• [Your assignment]: Output, exactly and in full, only the lines from the one containing "Boy 1 - Chihuahua" to the last line of the data. Pictures should not appear.

Captioned web image data
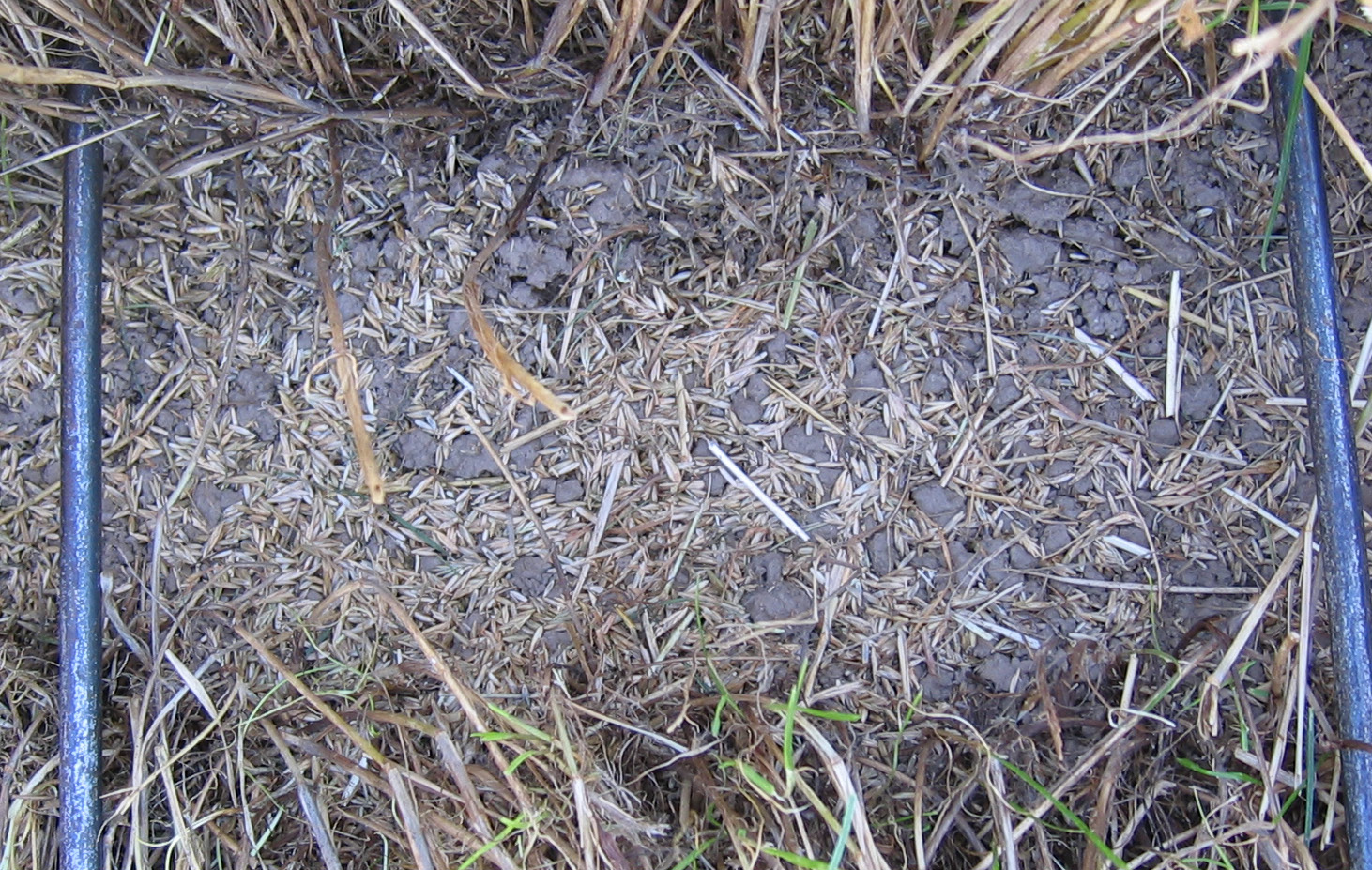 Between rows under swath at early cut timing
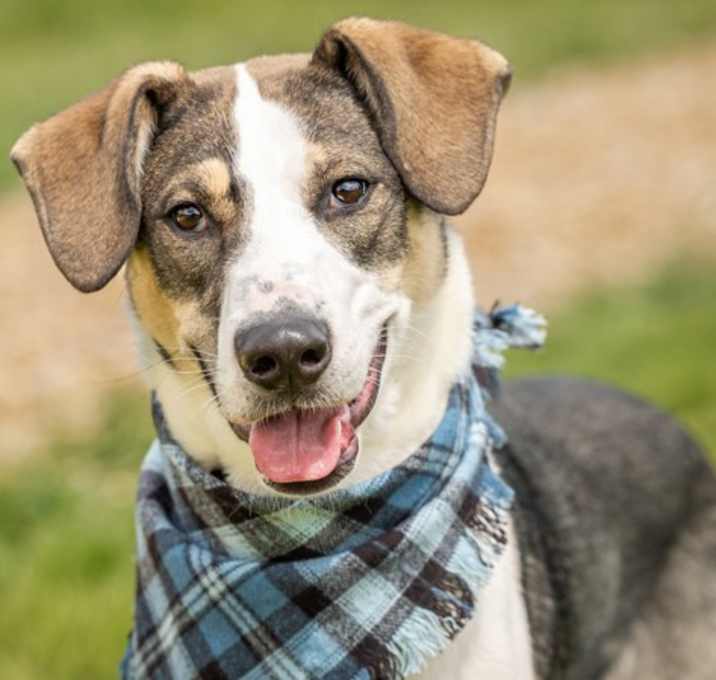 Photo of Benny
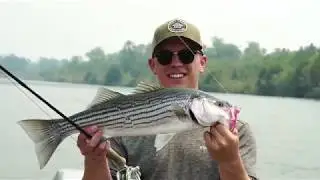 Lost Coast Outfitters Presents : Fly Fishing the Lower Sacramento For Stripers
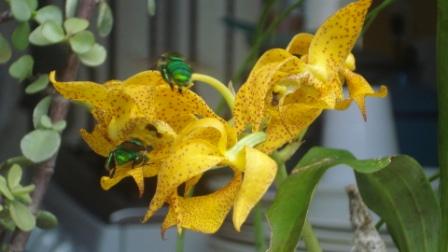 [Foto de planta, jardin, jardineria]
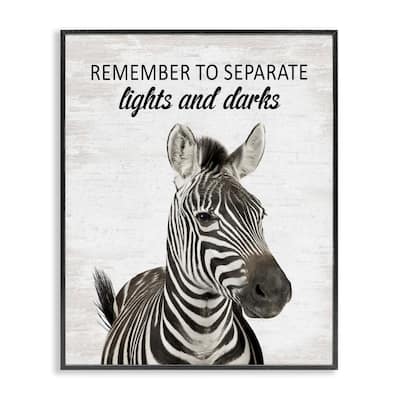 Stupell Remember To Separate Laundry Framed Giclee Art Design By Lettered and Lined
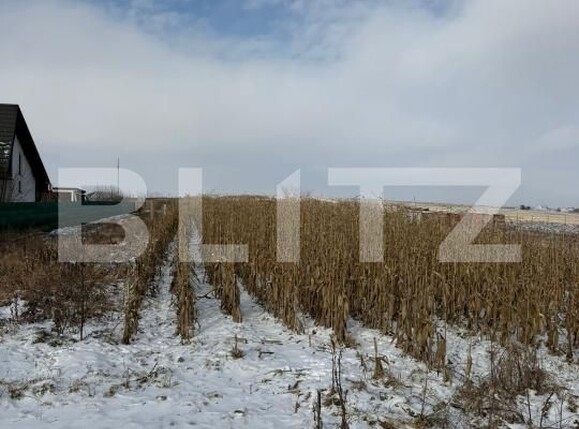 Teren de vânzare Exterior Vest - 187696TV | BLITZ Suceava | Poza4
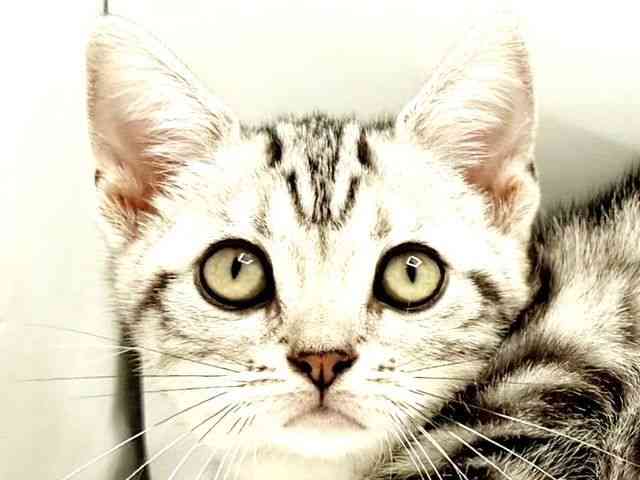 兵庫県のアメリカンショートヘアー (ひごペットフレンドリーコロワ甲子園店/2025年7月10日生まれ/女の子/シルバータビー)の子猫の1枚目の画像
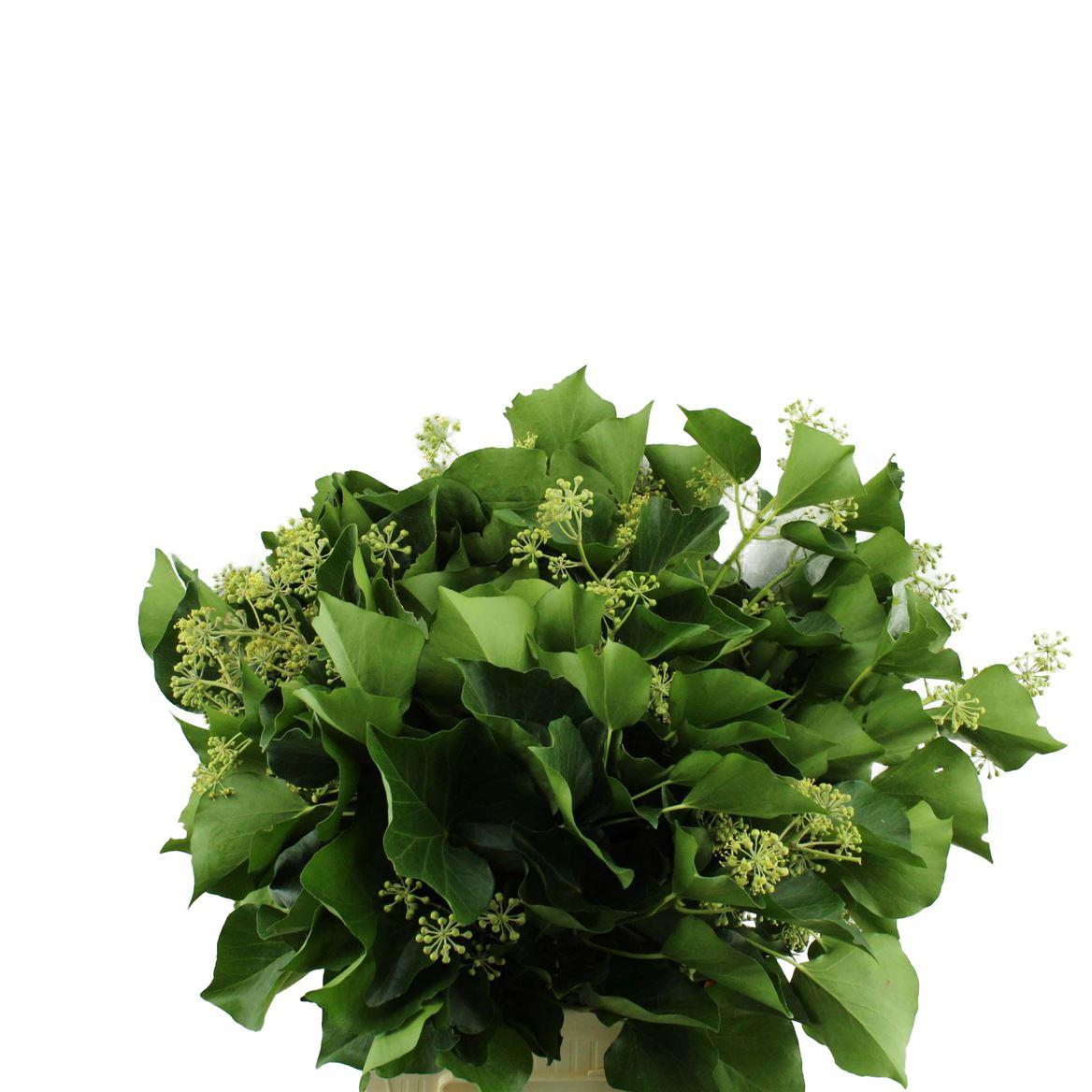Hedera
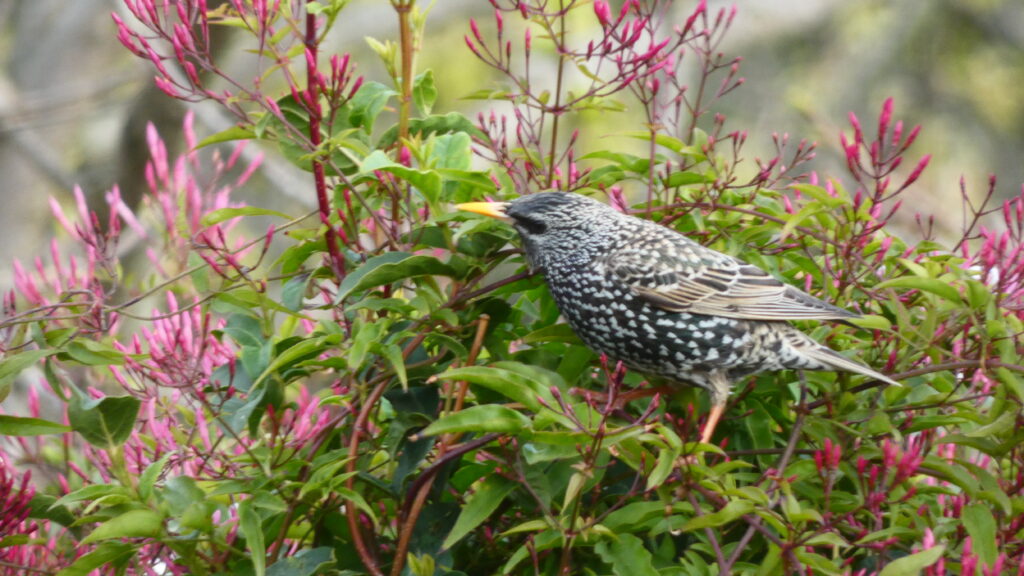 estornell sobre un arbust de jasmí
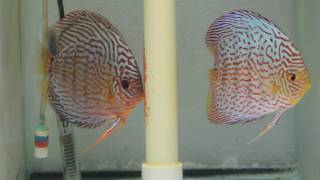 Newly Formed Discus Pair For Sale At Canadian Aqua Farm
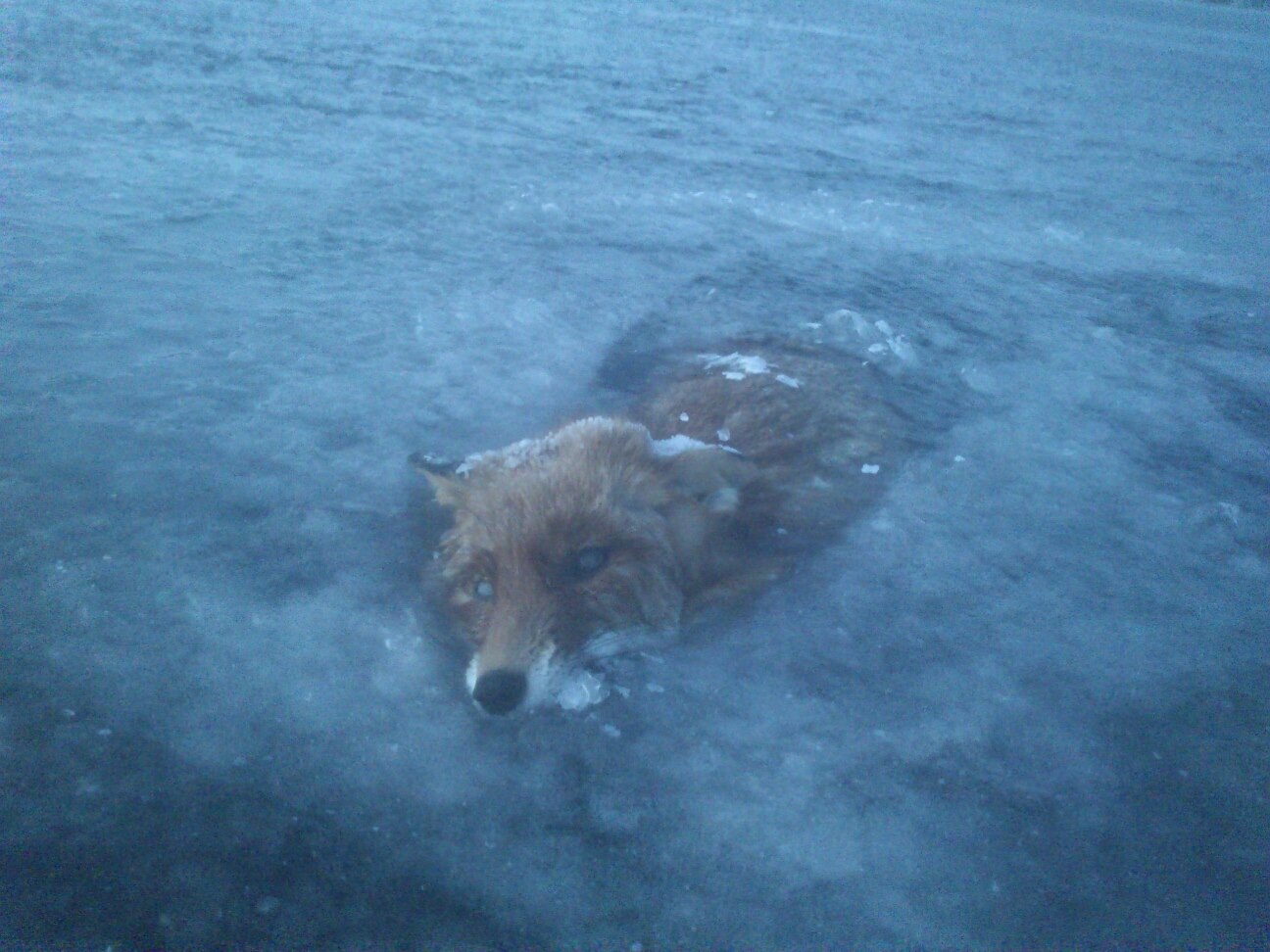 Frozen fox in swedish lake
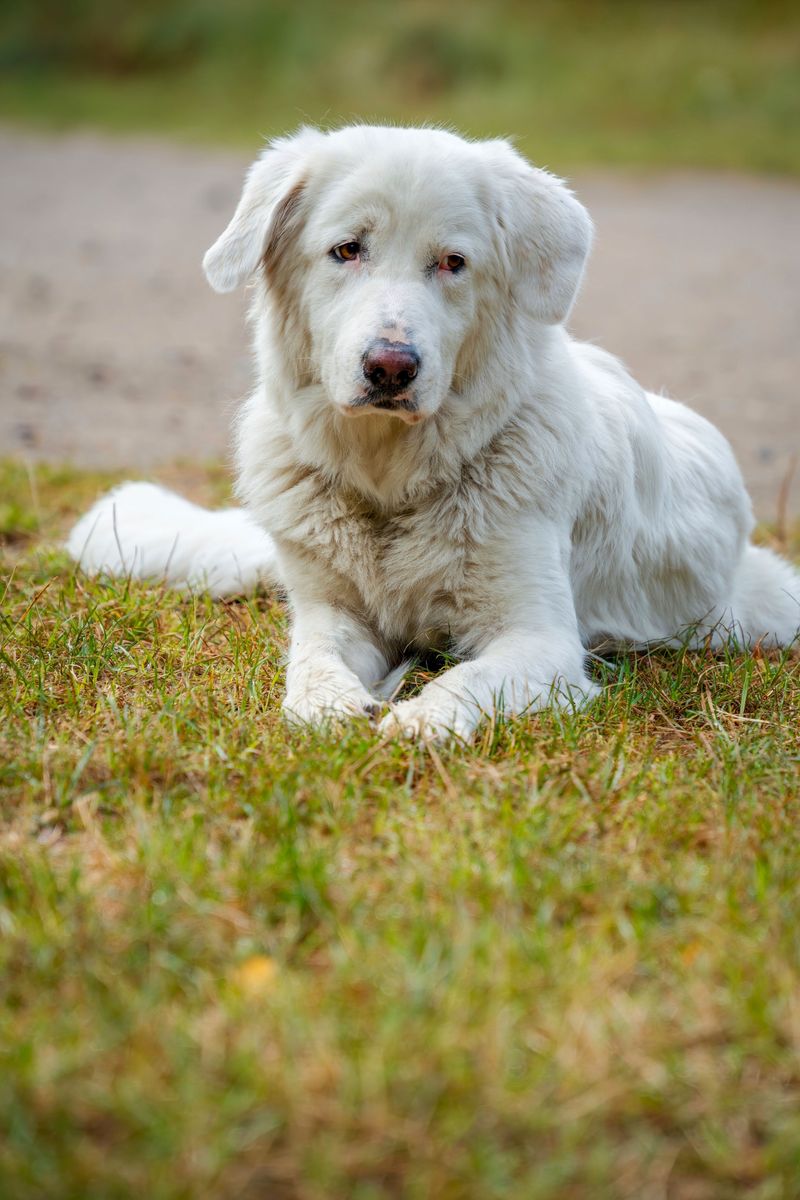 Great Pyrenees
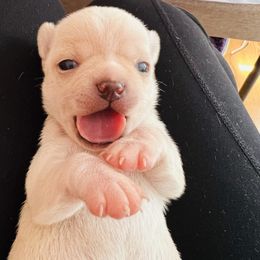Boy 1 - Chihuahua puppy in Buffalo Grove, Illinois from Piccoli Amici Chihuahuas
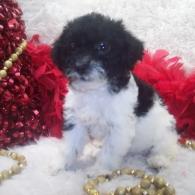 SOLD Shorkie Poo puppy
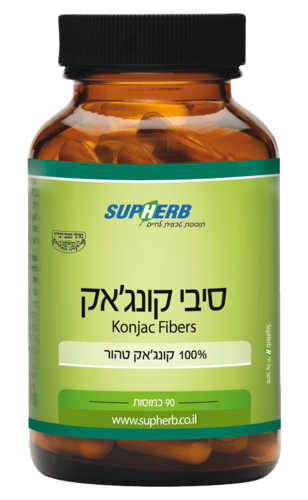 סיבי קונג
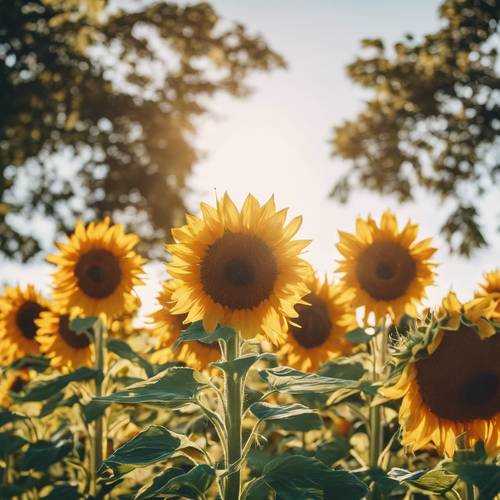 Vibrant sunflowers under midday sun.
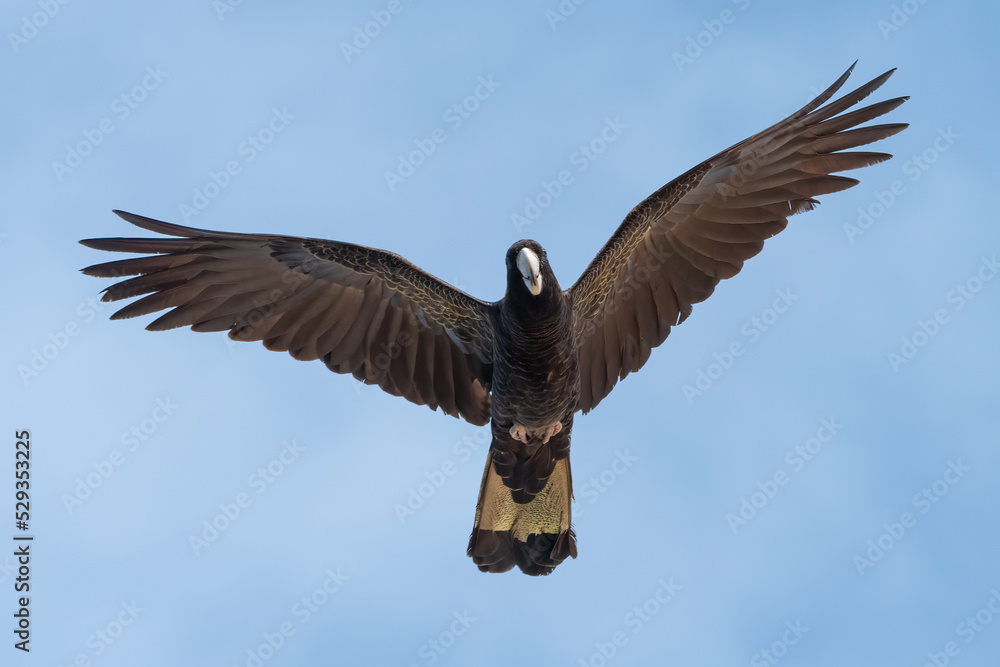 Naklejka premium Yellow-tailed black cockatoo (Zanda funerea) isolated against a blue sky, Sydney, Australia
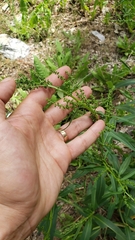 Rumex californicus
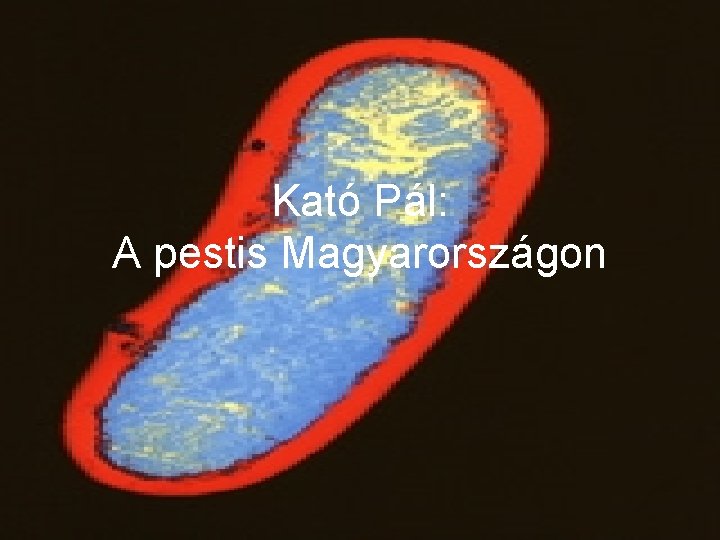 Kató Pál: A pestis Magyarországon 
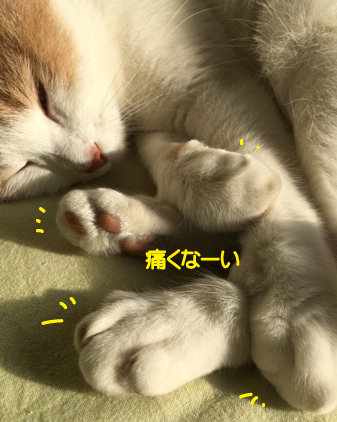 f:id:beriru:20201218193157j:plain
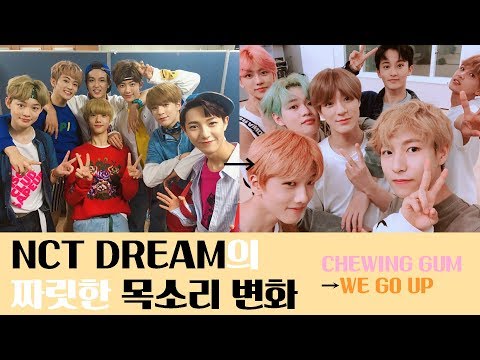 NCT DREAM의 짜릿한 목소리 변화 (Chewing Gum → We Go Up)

• [Task answer]:
Boy 1 - Chihuahua puppy in Buffalo Grove, Illinois from Piccoli Amici Chihuahuas
 SOLD Shorkie Poo puppy
 סיבי קונג
 Vibrant sunflowers under midday sun.
 Naklejka premium Yellow-tailed black cockatoo (Zanda funerea) isolated against a blue sky, Sydney, Australia
 Rumex californicus
 Kató Pál: A pestis Magyarországon 
 f:id:beriru:20201218193157j:plain
 NCT DREAM의 짜릿한 목소리 변화 (Chewing Gum → We Go Up)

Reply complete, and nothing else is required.